DR. CHALMERS was licensed as a preacher of the gospel by the Presbytery of St. Andrews on the 31st July 1799. In December 1801, he became assistant to the Rev. Mr. Elliot, minister of Cavers, a parish lying along the banks of the Teviot, a few miles from Hawick. As Mr. Elliot was laid aside by his infirmities, the pulpit duties devolved wholly upon his assistant, after a regular discharge of which for a period of about nine months, Dr. Chalmers left Cavers in September 1802. He was ordained as minister of the parish of Kilmany, in Fifeshire, on the 12th of May 1803; and twelve of the most important and most fruitful years of his life were spent in this peaceful retreat. In the autumn of 1815, he was removed to Glasgow, in which city eight years of incessant but triumphant toil were devoted to all the different kinds of ministerial labour. In November 1823, he finally resigned the pulpit for the professor's chair. He was twenty-three years of age at the date of his ordination, and forty-three when he gave up his charge-his ministry as an ordained clergyman covering thus the space of twenty years.

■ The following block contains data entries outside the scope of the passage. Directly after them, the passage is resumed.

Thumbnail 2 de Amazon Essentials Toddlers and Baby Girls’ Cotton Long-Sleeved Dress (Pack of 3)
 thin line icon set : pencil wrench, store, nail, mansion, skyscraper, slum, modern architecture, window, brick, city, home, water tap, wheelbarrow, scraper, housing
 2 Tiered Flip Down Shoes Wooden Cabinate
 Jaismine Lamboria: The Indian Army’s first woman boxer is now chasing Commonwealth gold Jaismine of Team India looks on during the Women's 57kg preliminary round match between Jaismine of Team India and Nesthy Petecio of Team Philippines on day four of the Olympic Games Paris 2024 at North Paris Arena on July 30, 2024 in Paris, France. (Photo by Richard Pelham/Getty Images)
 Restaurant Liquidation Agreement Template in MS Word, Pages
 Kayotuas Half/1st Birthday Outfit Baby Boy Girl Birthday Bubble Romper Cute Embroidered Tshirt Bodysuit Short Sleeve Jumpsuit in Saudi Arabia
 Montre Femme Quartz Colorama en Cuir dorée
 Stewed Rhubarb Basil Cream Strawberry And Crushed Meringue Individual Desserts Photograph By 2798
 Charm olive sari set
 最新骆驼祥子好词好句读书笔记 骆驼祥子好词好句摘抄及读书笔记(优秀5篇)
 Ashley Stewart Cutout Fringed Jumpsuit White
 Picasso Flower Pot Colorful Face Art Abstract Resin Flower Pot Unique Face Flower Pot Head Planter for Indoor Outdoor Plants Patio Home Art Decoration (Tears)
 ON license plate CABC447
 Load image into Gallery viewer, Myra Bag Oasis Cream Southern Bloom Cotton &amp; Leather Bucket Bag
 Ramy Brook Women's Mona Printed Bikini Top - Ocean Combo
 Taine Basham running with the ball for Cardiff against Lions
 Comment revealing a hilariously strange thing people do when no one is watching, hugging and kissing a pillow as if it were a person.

From the large mass of his pulpit preparations Dr. Chalmers had already selected those discourses which seemed to him the worthiest of being published-the likeliest by their publication to do good. Out of the remainder it might have been perilous-it would perhaps have been improper-to have selected so many as thirty-three new sermons, and to have presented them as of equal or kindred merit with those already issued through the press. It occurred to me, however, in reading over this class of his manuscripts, that without injury done to his usefulness or reputation as a preacher, a two-fold -a literary as well as a religious-object might be attained by the publication of a series of them arranged in chronological order.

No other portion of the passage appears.